With this configuration, there was a contradiction in the output – the guest event viewer showed errors/failure during the VSS process, while the Replica VM showed application-consistent points in the recovery history.

Here is an example of the error registered in the guest:

SQLVM: Loc=SignalAbort. Desc=Client initiates abort. ErrorCode=(0). Process=2644. Thread=7212. Client. Instance=. VD=Global\*******
 
BACKUP failed to complete the command BACKUP DATABASE model. Check the backup application log for detailed messages.
 
BackupVirtualDeviceFile::SendFileInfoBegin:  failure on backup device '{********-63**-49**-BA**-5DB6********}1'. Operating system error 995(error not found).

Root cause and Dealing with the errors

The big question was:  Why was Hyper-V Replica showing application-consistent recovery points if there are failures?

The behavior seen by the customer is a benign error caused because of the interaction between Hyper-V and VSS, especially for older versions of the guest OS. Details about this can be found in the KB article here: http://support.microsoft.com/kb/2952783

The Hyper-V requestor explicitly stops the VSS operation right after the OnThaw phase. While this ensures application-consistency of the writes going to the disk, it also results in the VSS errors being logged. Meanwhile, Hyper-V returns the consistency correctly to Hyper-V Replica, which in turn makes sure that the recovery side shows application-consistent points.
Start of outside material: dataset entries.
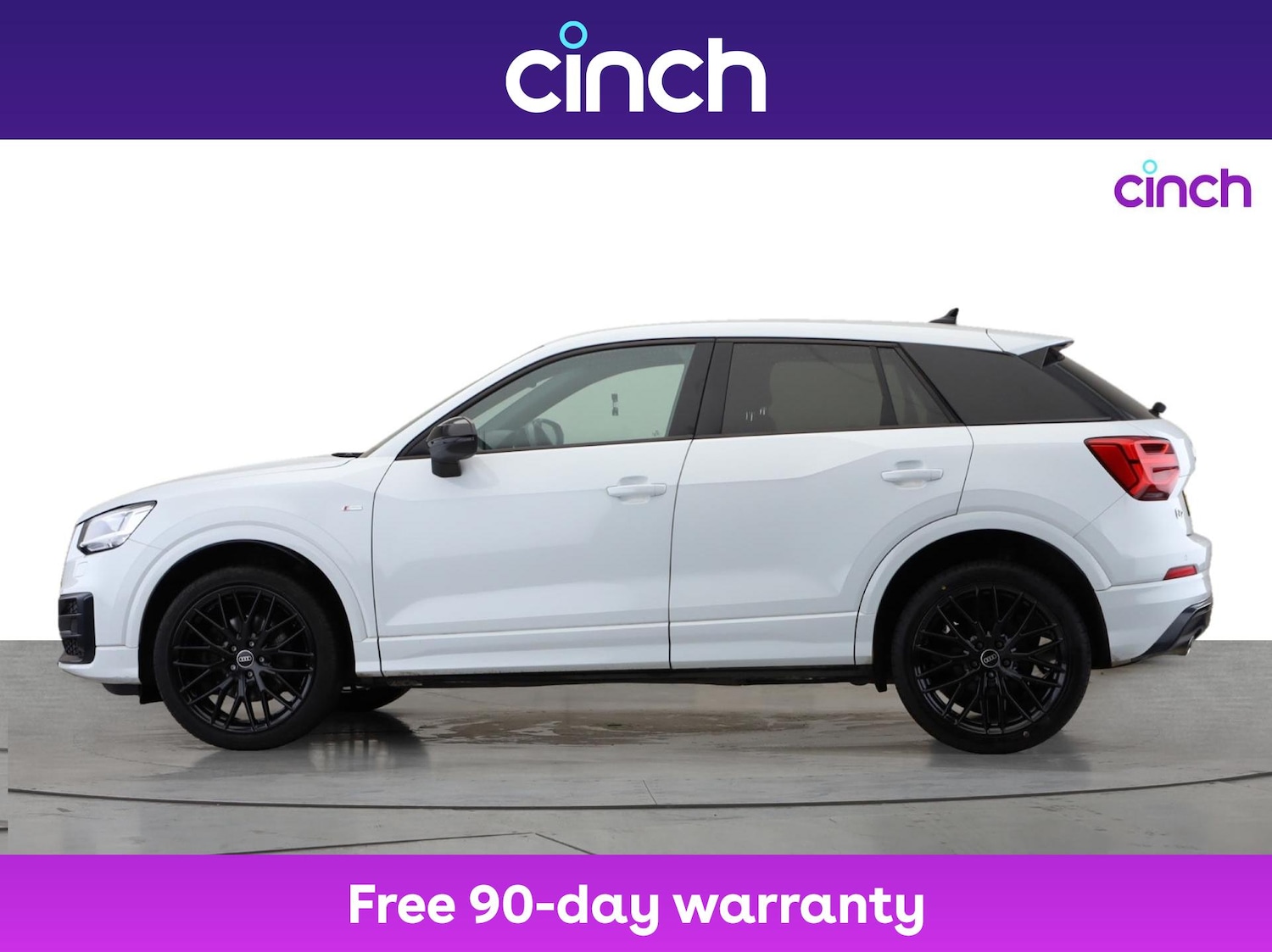 Used Audi Q2 2020 for sale - 77056108: Photo 8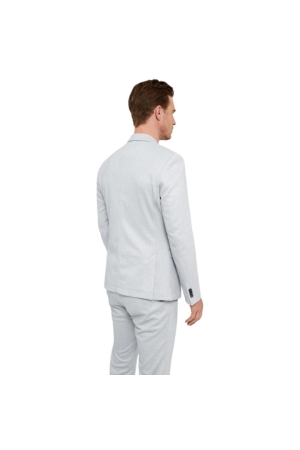 Zuitable DiNick Blazer 310 lt.grey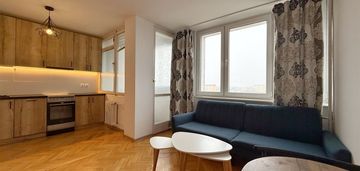 3-pokojowe mieszkanie – olsztyn, ul. kołobrzeska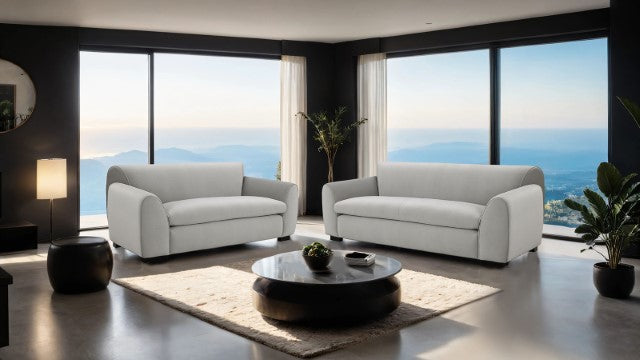 Severo Upholstery Collection
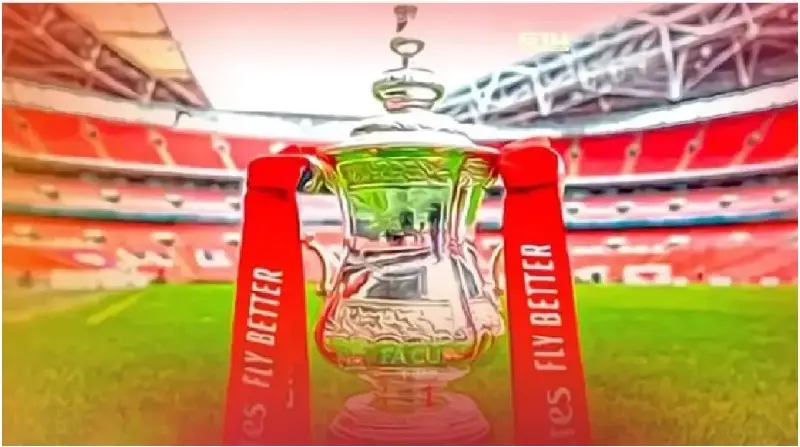 แมนยู ดวล โคเวนทรี -เชลซี เจอ แมนซิตี้ ผลการประกบคู่FA Cup รองรองชนะเลิศ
A great way to validate whether the recovery point is application-consistent or not is to do a test failover on that recovery point. After the VM has booted up, the event viewer logs will have events pertaining to a rollback - and this would mean that the point is not application consistent.

Key Takeaways

  1. All in all, you can rest assured that in the case of VMs with older operating systems, Hyper-V Replica is correctly taking an application-consistent snapshot of the virtual machine.
  2. Although there are errors seen in the guest, they are benign and having a recovery history with application-consistent points is an expected behavior.